Leave the images out and repeat the data exactly as given.

[Information supplied — start]

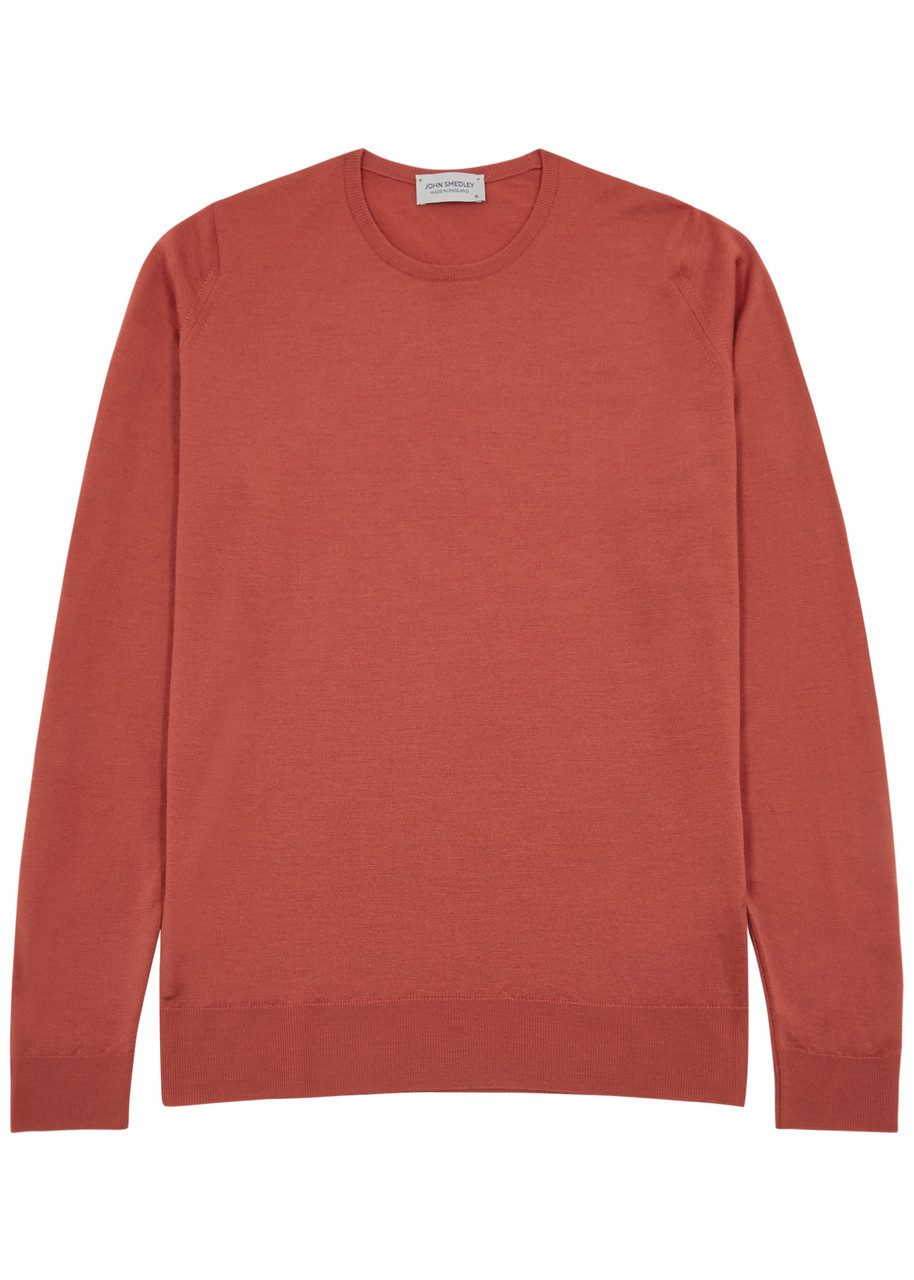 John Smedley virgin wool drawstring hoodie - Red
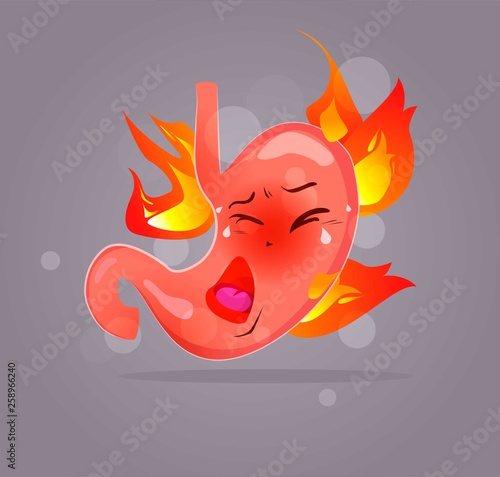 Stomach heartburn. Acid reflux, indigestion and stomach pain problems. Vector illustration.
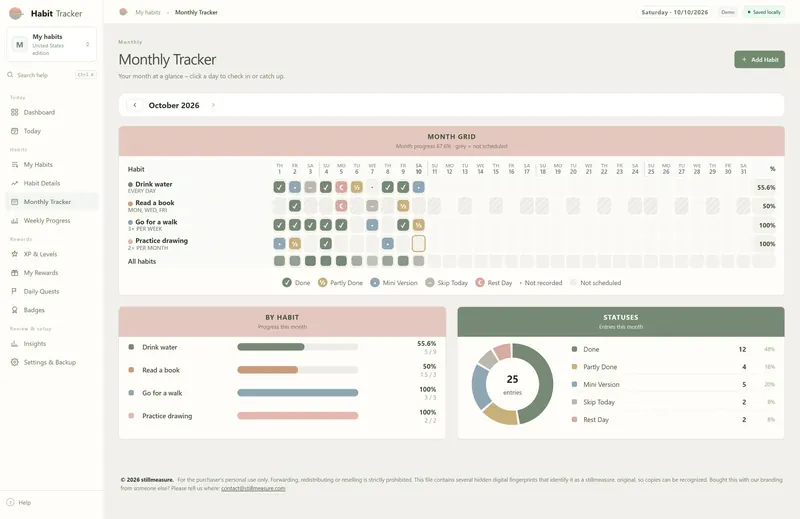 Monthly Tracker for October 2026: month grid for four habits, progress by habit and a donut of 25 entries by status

[Information supplied — finish]

> Result of the task
 John Smedley virgin wool drawstring hoodie - Red
 Stomach heartburn. Acid reflux, indigestion and stomach pain problems. Vector illustration.
 Monthly Tracker for October 2026: month grid for four habits, progress by habit and a donut of 25 entries by status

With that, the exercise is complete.